SDGSAT-1 carries the Multispectral Sensor (MII), the Grayscale Sensor (GIU) and the Thermal Infrared Sensor (TIS), which enable the satellite to carry out all-weather, all-weather Earth observation and give it the capabilities of ‘TIS+MII’, ‘TIR+GIU’ and ‘MII+GIU’ and single-load observation modes. The multispectral sensor, which is one of the core payloads of SDGSAT-1 and the source of the image data for this study, is capable of making fine observations of the ground surface through multiple spectral bands, especially playing a key role in environmental monitoring and ecosystem assessment. With multispectral band data, the satellite is able to effectively monitor the color index and transparency of water body and analyze water quality changes in lakes, rivers and oceans. At the same time, multispectral sensors also perform well in the analysis of glacier changes, snow melt and vegetation cover changes, helping to assess the health of ecosystems and providing valuable data support for global climate change research. The band settings of multispectral satellites at home and abroad are shown in Table 1.

In terms of technical performance, all three payloads of SDGSAT-1 have a 300 km bandwidth and a ground target revisit period of about 11 days. Those indicators enabled it to cover a wide geographical area and provide consistent time-series data for long-term environmental change monitoring. The data acquired by SDGSAT-1 will have a wide range of applications not only in academic research, but also in providing policymakers with science-based data to support the development of strategies to address climate change, urbanization and natural resource management, etc. The technical specifications of SDGSAT-1 are shown in Table 2.

2.1.1. Areas

The study area of this experiment covers the entire territory of China, which is located in the eastern part of Asia along the west coast of the Pacific Ocean. The landscape of China slopes gradually from west to east, forming an obvious terraced layout. The continental coastline stretches about 5000 km from east to west, and the different combinations of temperature and rainfall have given rise to rich and varied climatic types. Specifically, the differences between the highlands in the west and the lowlands in the east of China form the overall topographical pattern, with mountains, plateaus and hills covering 67% of the country’s land area, and basins and plains covering about 33%. The mountain range trends are mainly east–west and northeast–southwest, with the Kunlun Mountains, the Himalayas and the Qinling Mountains being the most prominent. Due to its vast land area, large latitudinal range, significant differences between land and sea, and complex and changing topography, China has formed a variety of climate types, ranging from the monsoon climate in the east, the temperate continental climate in the northwest, to the unique alpine climate of the Qinghai-Tibet Plateau. In terms of temperature zones, China has tropical, subtropical, warm temperate, mesothermal, cold temperate and Tibetan plateau climate zones. Such complex and variable terrain and climate conditions provide an ideal environment for validating the algorithms used in this study.
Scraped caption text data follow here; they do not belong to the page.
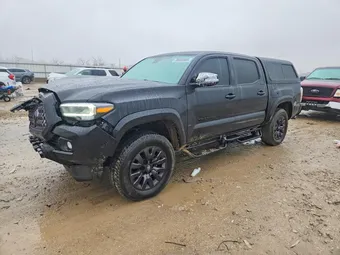 2023 Toyota Tacoma 3TMGZ5AN1PM612677 Lot 79803805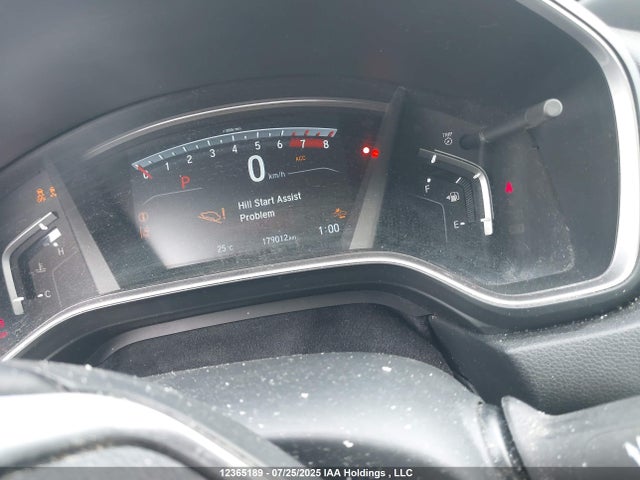 2HKRW2H81HH100750 Honda l15be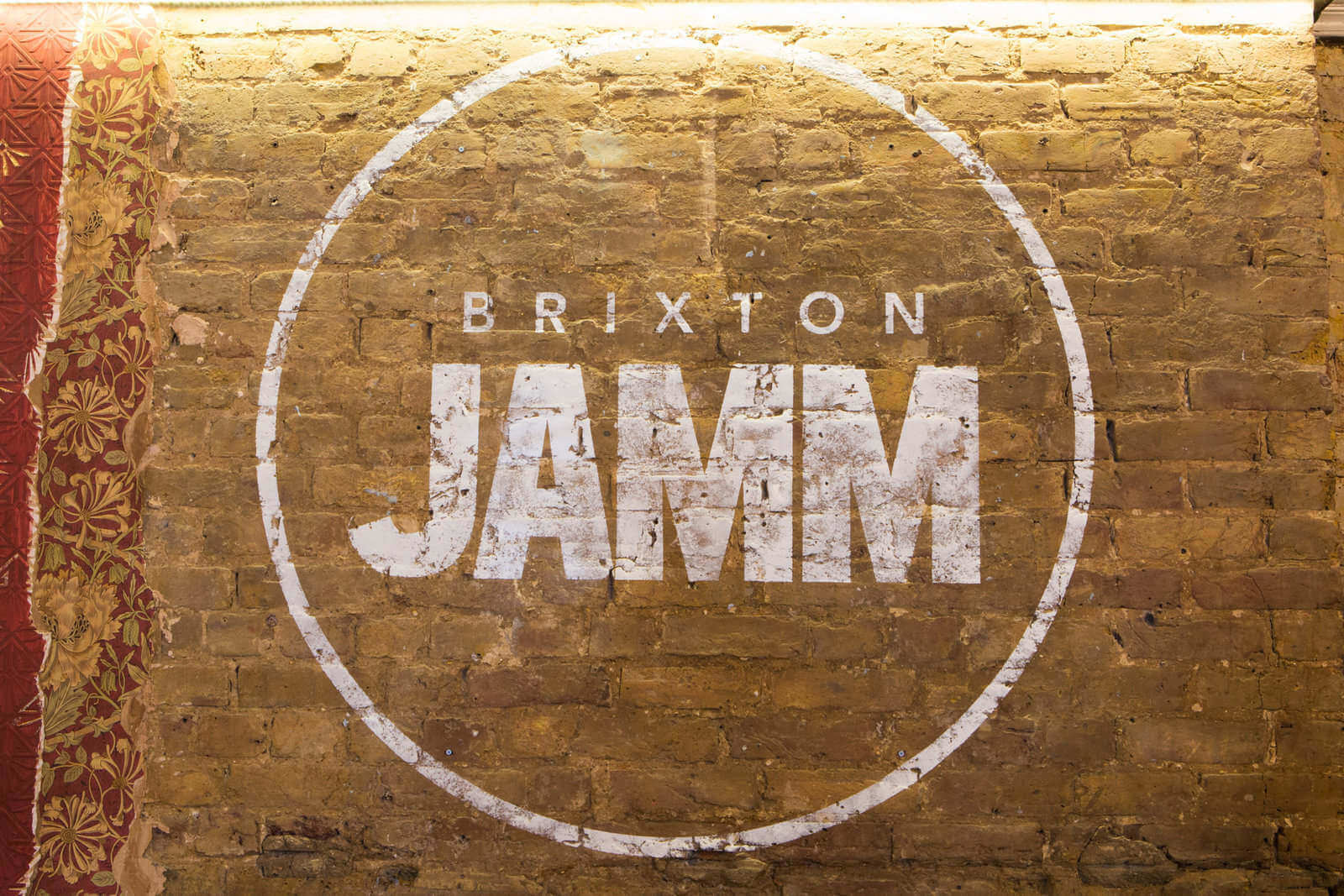Brixton Jamm - slide 0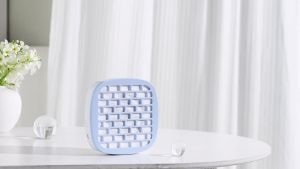 USB Mini Manicure Nail Vacuum Cleaner Strong Suction Nail Dust Collector Portable Nail Art Vacuum Dust Cleaner Extractor Fan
The experimental data selected for this study are SDGSAT-1 multispectral imagery data with a spatial resolution of 10 metres, uniformly covering four regions, namely the northeast, northwest, southwest, and southeast of China, covering different topographic and climatic zones. The time frame consists of 27 images taken between January and December 2022, with cloud cover ranging from 10 to 80 percent, of which 6 are snow-covered images. The distribution of data used in the experiment is detailed in Figure 1.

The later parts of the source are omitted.